In a press release the group stated that Ottawa Hospital’s $2.8 billion Civic Campus project will likely cost taxpayers hundreds of millions more and leave a majority of Ottawa-area construction workers ineligible to work on the vital project.
The CCA explained that an exclusive project labour agreement (PLA) between the hospital and the Unionized Building and Construction Trades of Eastern Ontario and Western Quebec prohibits contractors and workers who are not affiliated with these specific unions from bidding on, or even participating in building, the hospital’s new $2.8 billion Civic Campus.
The group cited a report by the Montreal Economic Institute (MEI) that concluded the Ottawa Hospital’s restrictive PLA will stifle competition, escalating project costs by between $168 million and $525 million by 2028. The authors of the report find it unacceptable for a public entity to make taxpayers pay more by granting exclusivity to a specific group of affiliated workers.
“Not only are a large number of talented workers — many from small and medium-sized firms — barred, but, as the MEI points out, the projects are likely to cost taxpayers more than necessary as a result,” said Mary Van Buren, CCA president.
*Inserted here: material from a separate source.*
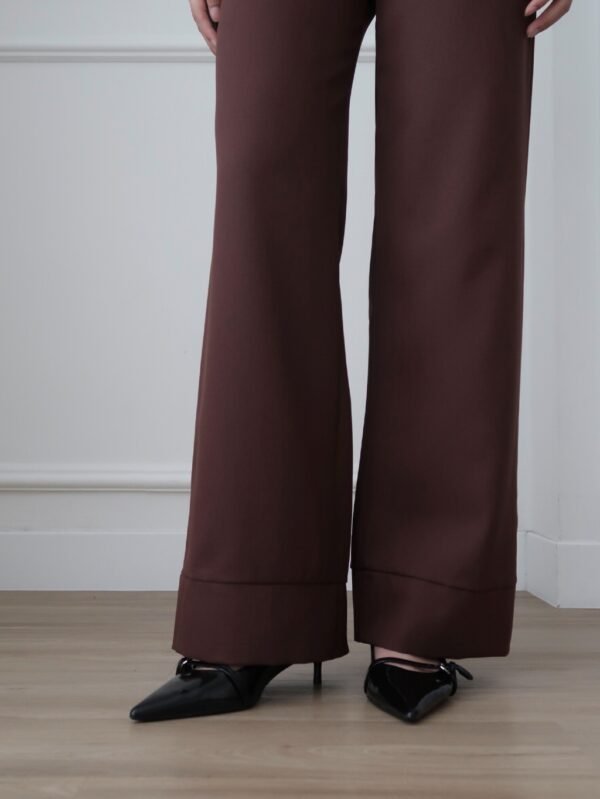 ginee_20260801164144831_2912566856.jpeg FRED PANTS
The CCA stated that the Ottawa Hospital project is the latest in a series of concerning examples, like B.C.’s Pattullo Bridge, where public sector procurement is “falling short on fair and open practices”.
The CCA added that an even more concerning issue is the labour requirements attached to the newly introduced federal clean tax credits established in Budget 2023, which again exclude non-unionized construction workers.
“The Canadian Construction Association takes issue with these examples and others that either categorically exclude or strongly disadvantage one group of workers,” said Van Buren. “We would take a similarly forceful position if the reverse had happened and union workers had been excluded or disadvantaged.”
When the agreement was announced in January, officials argued that it would be a positive move for the project.
“The Ottawa Hospital wants to do all we can to create a positive and safe work environment for the thousands of workers that will be on site every day during construction of our new campus,” said Cameron Love, president and CEO of the Ottawa Hospital. “We’re thrilled to have partnered with trades unions on this landmark agreement that will help keep the project on schedule and avoid costs and delays associated with work stoppage.”
According to the hospital, the agreement sets out the terms and conditions that will apply to all employers and all trades working on the project. The hospital believes that agreement sets a high safety standard for working conditions for all building and trades workers on the site, increasing safety and job stability, while still following Ontario’s requirements for an open and competitive procurement process.
Officials explained that the agreement ensures compliance with bargaining rights and that all workers on the site are properly trained and certified and will create apprenticeship opportunities for populations underrepresented in the construction trades, including First Nations, Inuit and Métis people, women, and diverse and at-risk youth. The agreement lasts for the duration of the project.